Als einzigen – bis heute frenetisch gefeierten – Lichtblick lockert die britische Regierung für zehn Monate ab Dezember 1938 die Einwanderungsbestimmungen und bewilligte in Form von Sammelvisa die Einreise von 9.354 deutschen Kindern und Jugendlichen. Die Besonderheit des Kindertransportes bestehe – so die Historikerin Rebekka Göpfert – darin, „daß seine Visa zu einer Zeit erteilt wurden, zu der in der ganzen Welt, mit wenigen Ausnahmen, die Grenzen für Juden aus Deutschland geschlossen waren.“
In den USA scheiterten die Bemühungen, Kindern die Einreise zu gestatten. Die Stimmen der Kritiker reichen von pseudohumanitärer Besorgtheit – man könne nicht Kinder von ihren Müttern trennen – bis zu unverhohlen inhumanen Äußerungen.

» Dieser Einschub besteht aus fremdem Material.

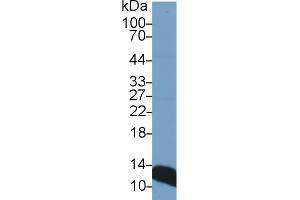 Western Blot; Sample: Rat Liver lysate; Primary Ab: 1µg/ml Rabbit Anti-Rat b2M Antibody Second Ab: 0.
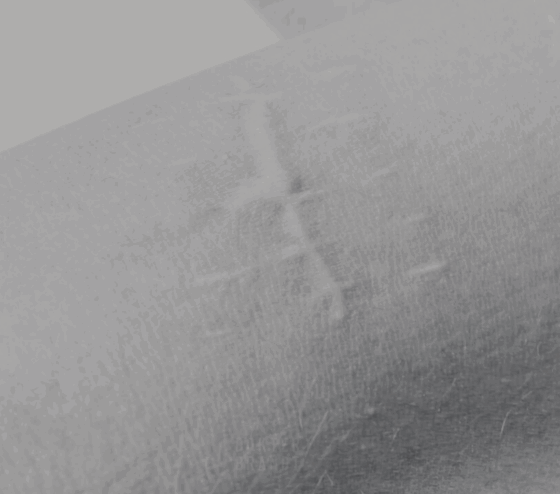 Kopie van botox post templates 31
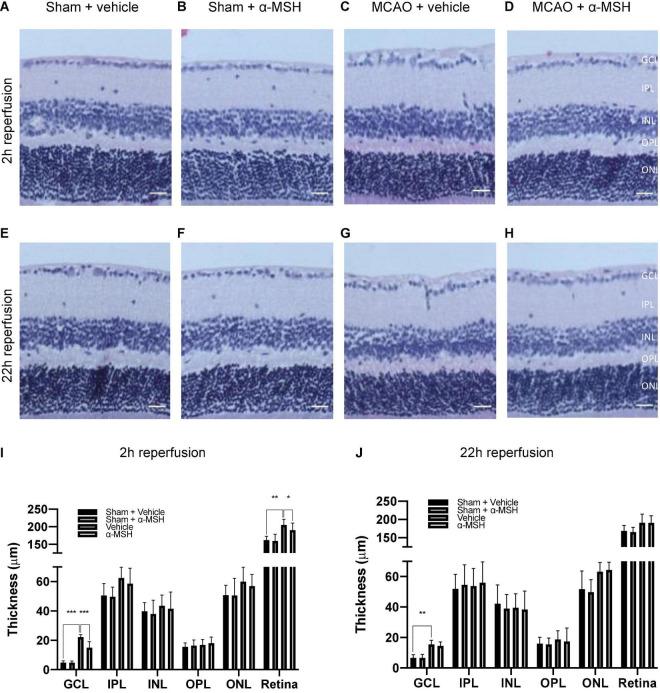 https://cdn.ncbi.nlm.nih.gov/pmc/blobs/66ab/8914517/fc48d2f80a3d/fnins-16-799739-g002.jpg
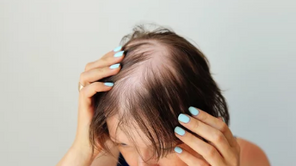 Teste: explorando a alopecia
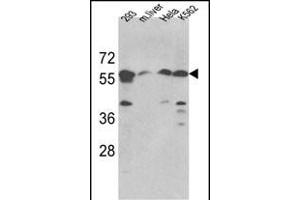 Western blot analysis of hSPTLC1-S41 (ABIN389108 and ABIN2839298) in 293, Hela, K562 cell line and mouse liver tissue lysates (35 μg/lane). (SPTLC1 Antikörper  (N-Term))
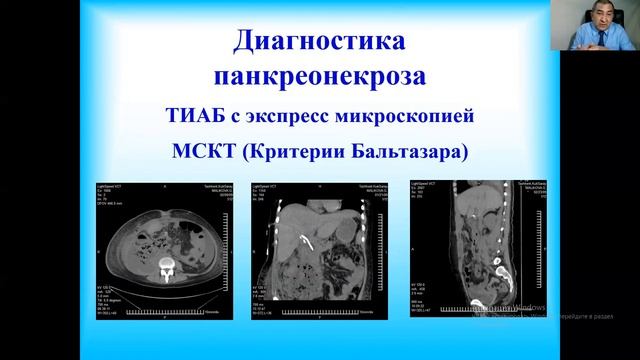 Острый панкреатит.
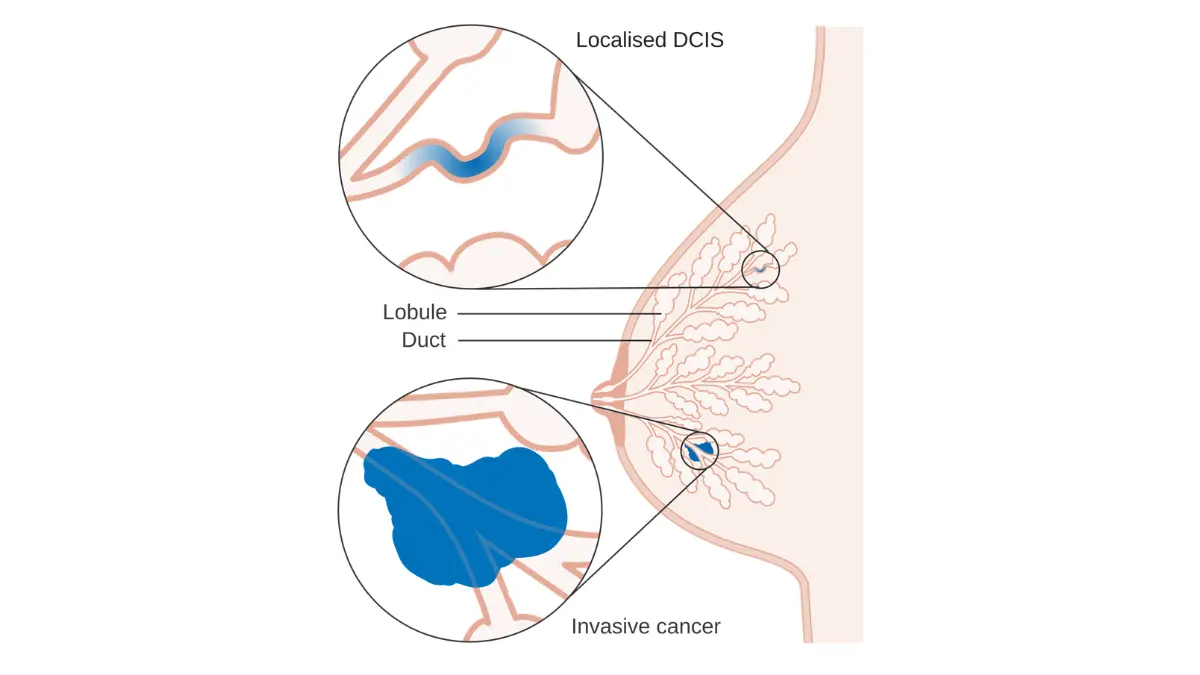 Medical diagram of DCIS breast cancer showing abnormal cells confined inside a breast duct with an intact basement membrane.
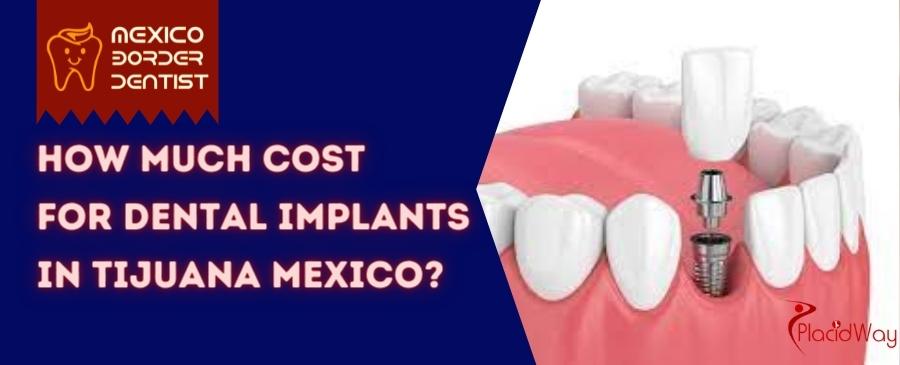 Tijuana Dental Implants Cost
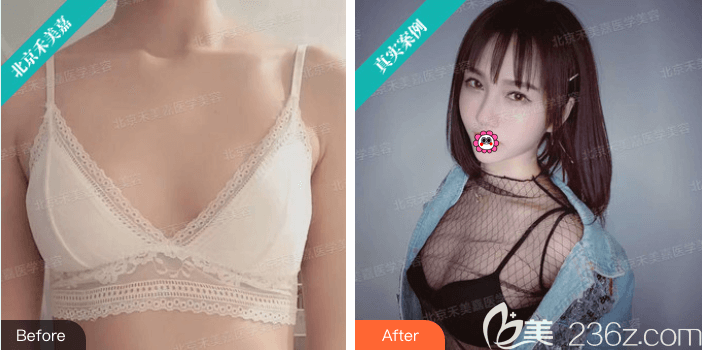 北京禾美嘉任學(xué)會(huì)真C自體脂肪活力豐胸案例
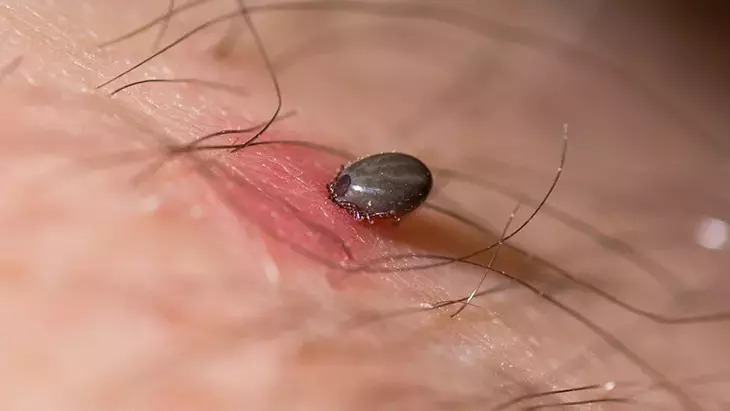 Dikkat! ‘Göz kapağını ısıran kene, görme kaybına yol açabilir’
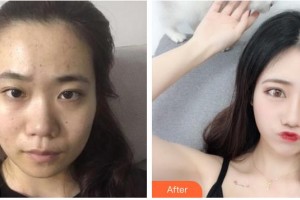 永州星雅醫(yī)療美容門診部張光輝整形價格表附鼻部綜合案例展示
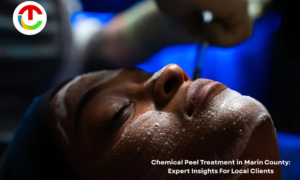 Chemical Peel Treatment in Marin County: Expert Insights For Local Clients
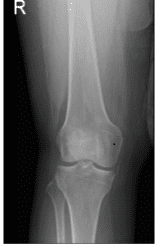 Radiografía de la rodilla derecha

In geradezu atemberaubenden Tempo wurde die Einwanderung der Kinder beschlossen: Zwischen der politischen Entscheidung der britischen Regierung, gefährdete Kinder einreisen zu lassen und der Ankunft des ersten Kindertransports vergehen gerade einmal zwei Wochen. Bertha Bracey hatte zwölf Tage nach der sog. „Reichskristallnacht“ (21.11.1938) den britischen Innenminister Sir Samuel Hoare beim Frühstück über die Verzweiflung der jüdischen Eltern in Deutschland unterrichtet. Ohne Braceys Bericht hätte die britische Regierung es nicht für möglich gehalten, dass Eltern überhaupt bereit sein könnten, ihre Kinder unbegleitet in die Arme von Fremden zu schicken. In seiner Rede vor dem Parlament noch am selben Abend Hoare: „Here is a chance oftaking the young generation of a great people, here is a chance of mitigating tosome extent the terrible suffering of their parents and their friends.“ Die Kinder gelangten in Sonderzügen und Schiffen nach Großbritannien. Kinder aus Prag wurden mit Flugzeugen evakuiert.
Die Sammeltransporte zeichneten sich durch eine beispiellose Hilfsbereitschaft englischer Privatleute aus. In seinem flammenden Radio-Appell sagte der ehemalige Premierminister Stanley Baldwin: „I ask you to come to the aid of victims not of any catastrophe in the natural world, not of earthquake nor of flood nor of famine, but of the explosion of man’s inhumanity to man.“ Einen Monat nach dem ersten Transport lagen bereits 2.500 Verpflichtungserklärungen für die Unterbringung von Kindern vor. 1939 belief sich die Summe aller Spenden, einschließlich privater Bürgschaften und Unterkünfte, bereits auf 2,5 Millionen Pfund. Dennoch kannte der Altruismus der zur Aufnahme bereiten Familien enge Grenzen. Die Pflegeeltern erwarteten, dass das Kind entweder gar keine Familie hatte oder dass seine Eltern bereit wären, ihre elterlichen Rechte aufzugeben, auf jeglichen Kontakt zu verzichten und sich für immer von ihren Kind zu verabschieden. Mit der Vernichtung der Juden im Holocaust wurden die Kindertransporte retrospektiv zu einer Entscheidung über Leben und Tod. Es bleibt die Einsicht: Ein großer Teil der europäischen Juden hätte gerettet werden können, hätten sich nur die möglichen Aufnahmeländer bereit erklärt, Zuflucht zu gewähren.
Die ersten 196 Kinder laufen bereits zwei Wochen nach der politischen Entscheidung in Großbritannien ein.
Die St. Louis wird mit über 900 Flüchtlingen vor Amerika nach Europa zurückgeschickt.
Die größte Flüchtlingskrise vor dem Zweiten Weltkrieg: Menschen versuchen in Massen an Einreisepapiere im Ausland zu gelangen.